┌────────

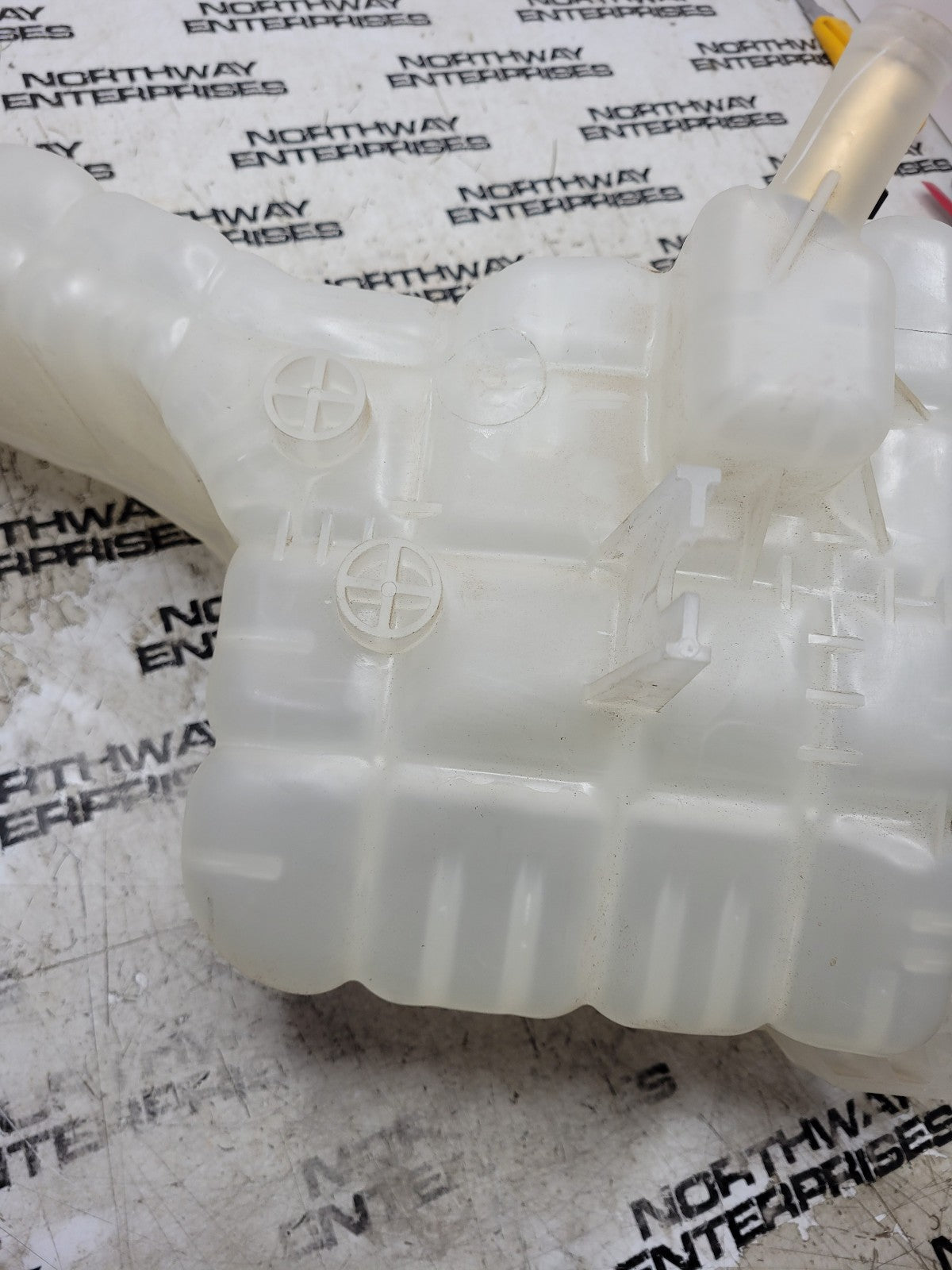 Coolant Reservoir Freightliner 575.1014 A05-28531-000 A0528531002 FRT1702C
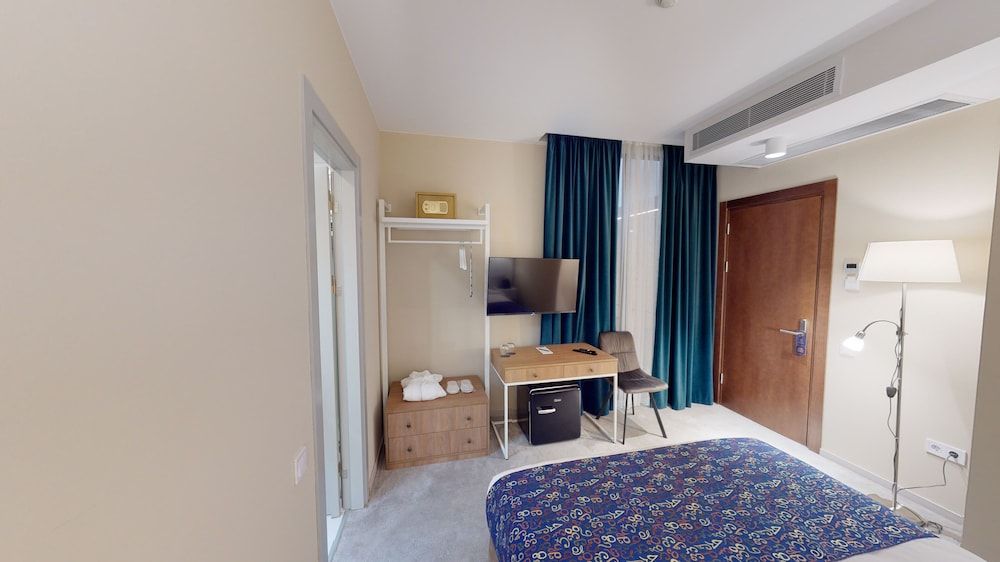 Epigraph town hotel Comfort Triple Room 13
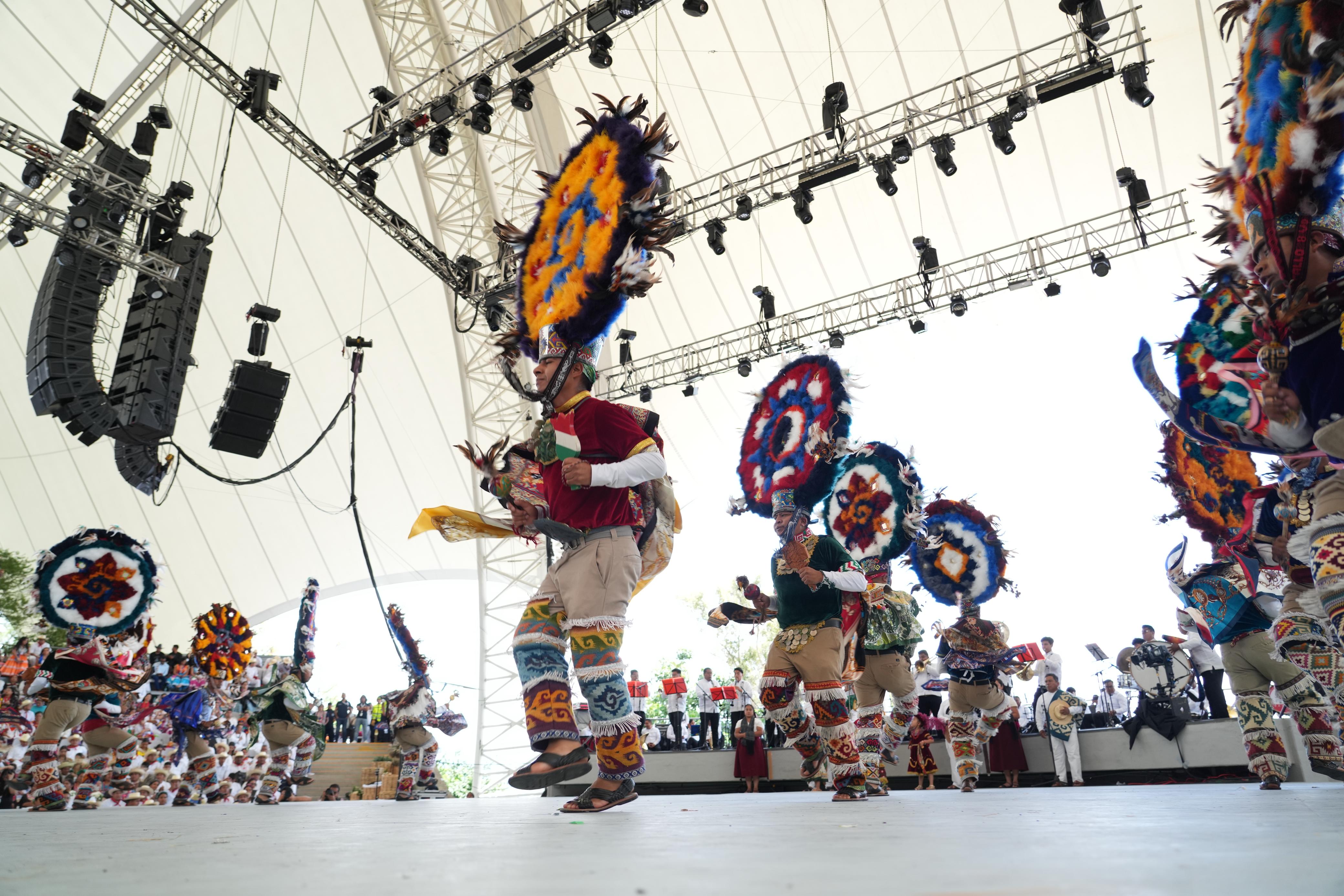  Oaxaca celebra con orgullo la Octava del Lunes del Cerro, encuentro de hermandad y tradición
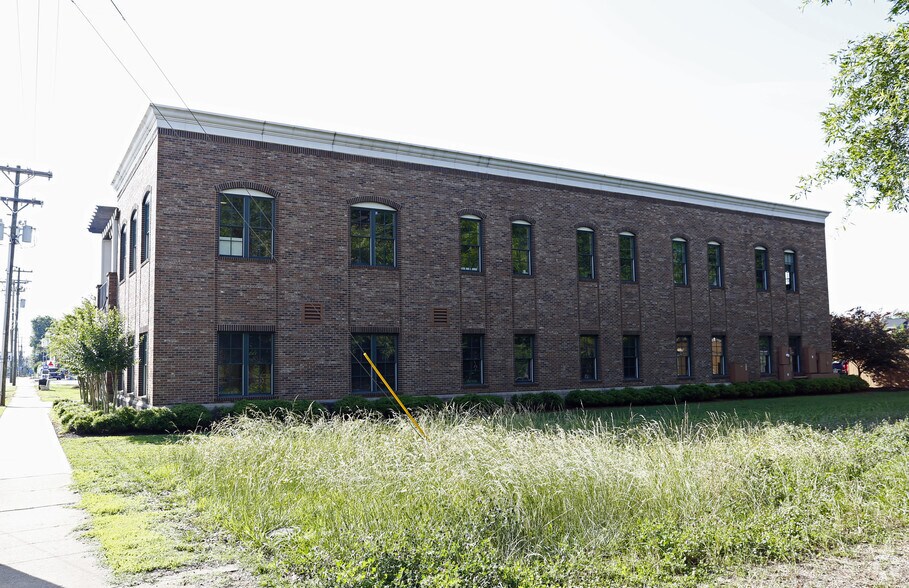 More Photos Of 607 Pendleton St, Greenville Office For Lease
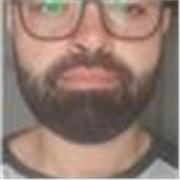 Estudiante avanzado de Lengua y Literatura enseña español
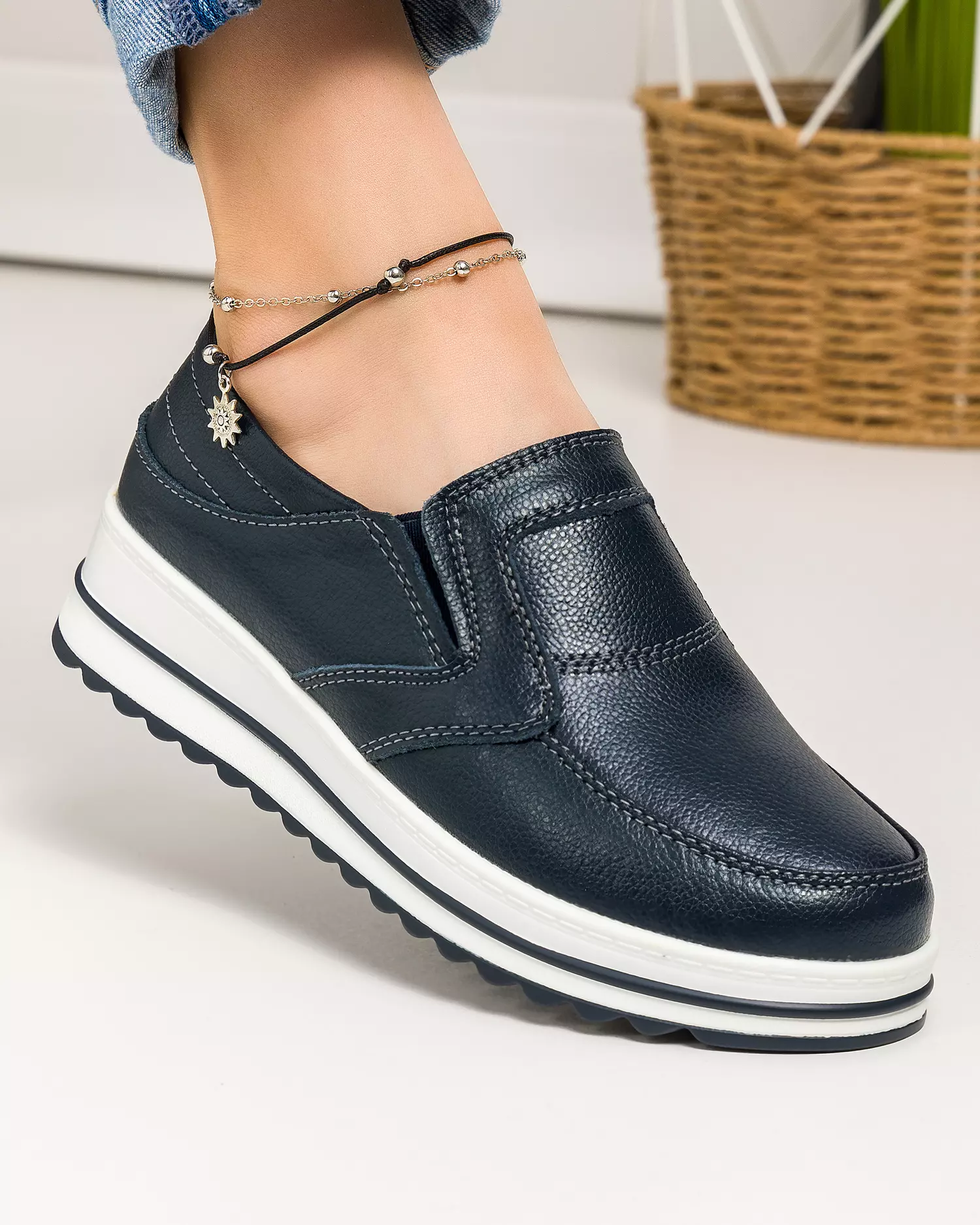 pantofi-casual-piele-naturala-bleumarin-cu-insertie-elastica-si-inchidere-slip-on-jy725-62698-2.webp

└────────

§ **AIM OF THE EXERCISE**
Each line between the one holding "Epigraph town hotel Comfort Triple Room 13" and the one holding "Estudiante avanzado de", inclusive, should be copied exactly as it appears above, and pictures should be omitted.

§ **TASK ANSWER**
 Epigraph town hotel Comfort Triple Room 13
  Oaxaca celebra con orgullo la Octava del Lunes del Cerro, encuentro de hermandad y tradición
 More Photos Of 607 Pendleton St, Greenville Office For Lease
 Estudiante avanzado de Lengua y Literatura enseña español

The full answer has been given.